### Work required
Repeat what the lines below say, word for word, and skip every image.

(Web page caption snippets)

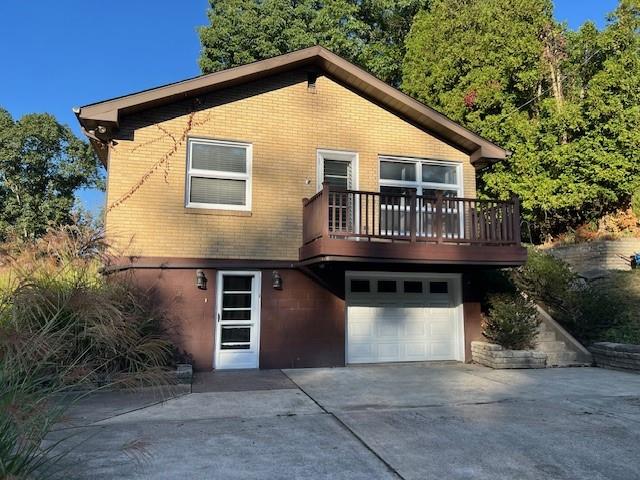 1035 Anderson Road Pittsburgh, PA 15209 - Photo 2 of 41 a front view of a house with yard and trees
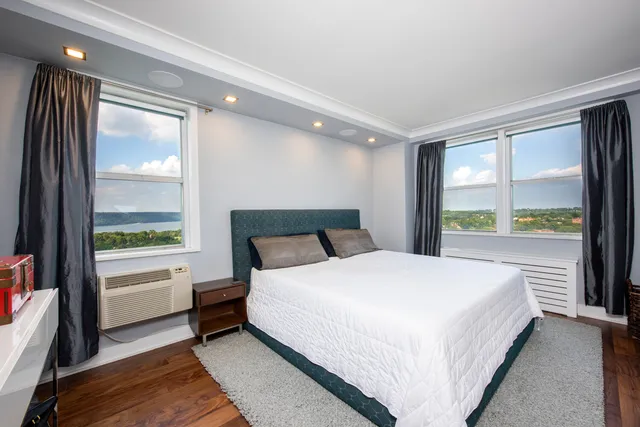 $650,000 | 5700 Arlington Avenue, Unit 12B | North Riverdale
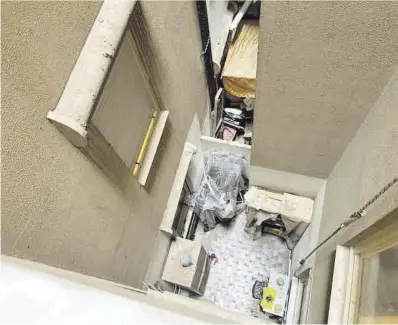  ?? Guillem Sánchez ?? Patio interior de la vivienda en el barrio de Sants donde se suicidó el hombre que iba a ser desahuciad­o, ayer.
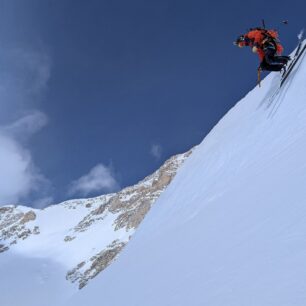 Občas to bylo trochu z kopce a občas ty kopce byly trochu ledové, takže radši cepín do ruky
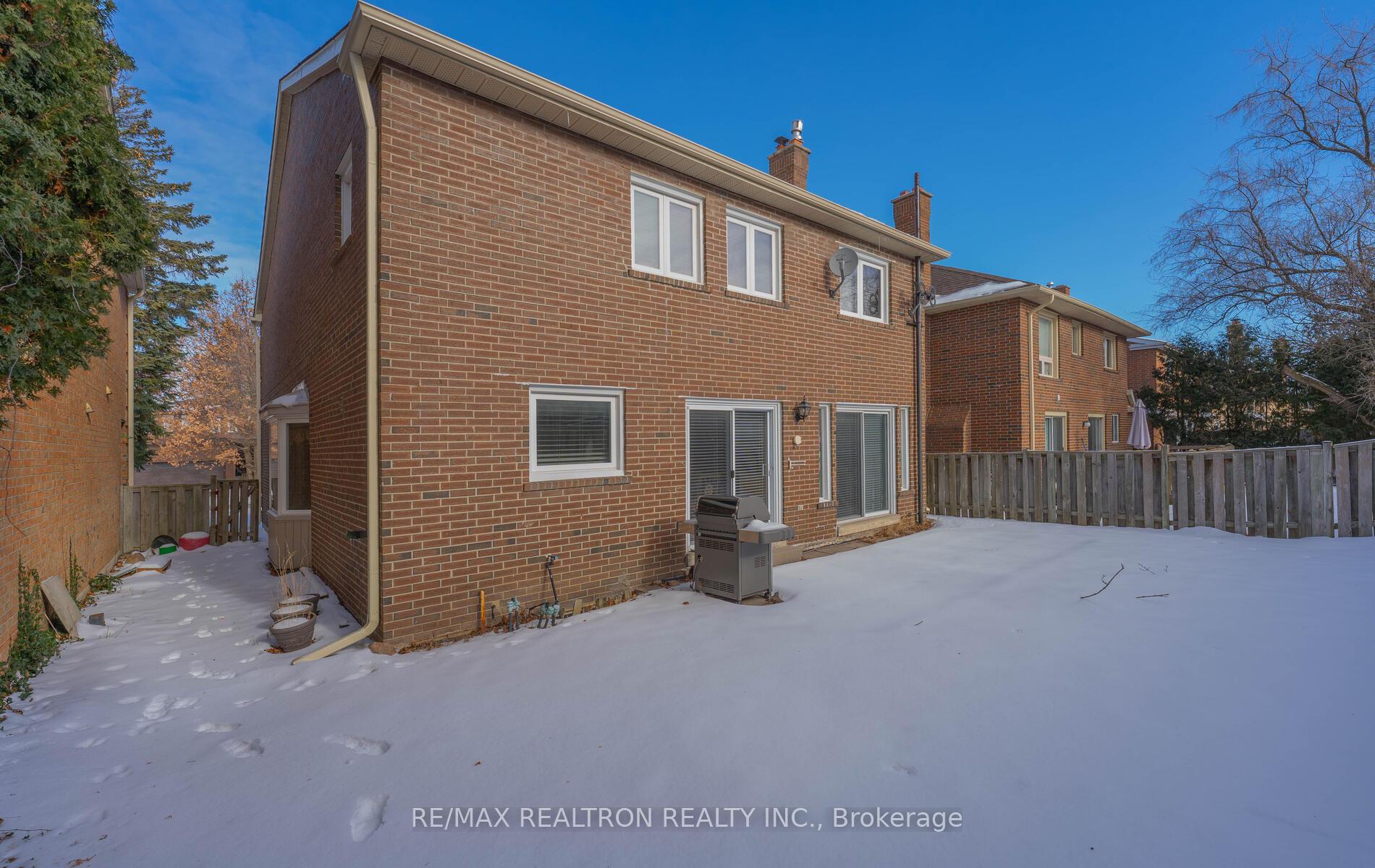 Photo 34 of 233 Spring Gate Boulevard, Vaughan, Crestwood-Springfarm-Yorkhill — HOMEH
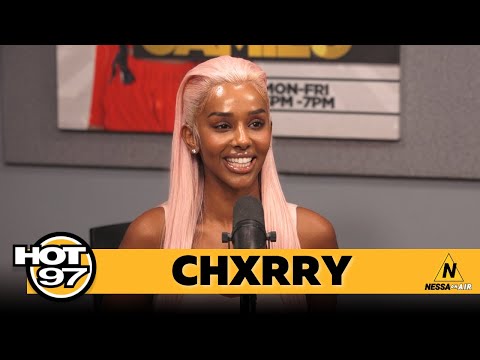 Chxrry’s Groupie Love Song, Signing to XO/The Weeknd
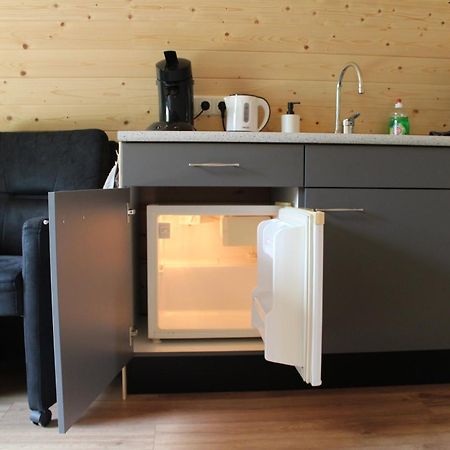 Camping Pod: Lyts Dekema 2 Baard Dış mekan fotoğraf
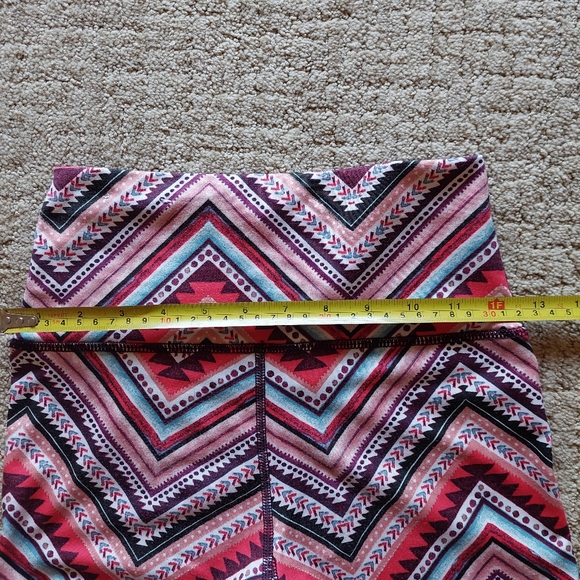 Aerie Chill Play Move Multicolor Aztec Striped Leggings Pants - Picture 6 of 6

### Exercise result
 1035 Anderson Road Pittsburgh, PA 15209 - Photo 2 of 41 a front view of a house with yard and trees
 $650,000 | 5700 Arlington Avenue, Unit 12B | North Riverdale
  ?? Guillem Sánchez ?? Patio interior de la vivienda en el barrio de Sants donde se suicidó el hombre que iba a ser desahuciad­o, ayer.
 Občas to bylo trochu z kopce a občas ty kopce byly trochu ledové, takže radši cepín do ruky
 Photo 34 of 233 Spring Gate Boulevard, Vaughan, Crestwood-Springfarm-Yorkhill — HOMEH
 Chxrry’s Groupie Love Song, Signing to XO/The Weeknd
 Camping Pod: Lyts Dekema 2 Baard Dış mekan fotoğraf
 Aerie Chill Play Move Multicolor Aztec Striped Leggings Pants - Picture 6 of 6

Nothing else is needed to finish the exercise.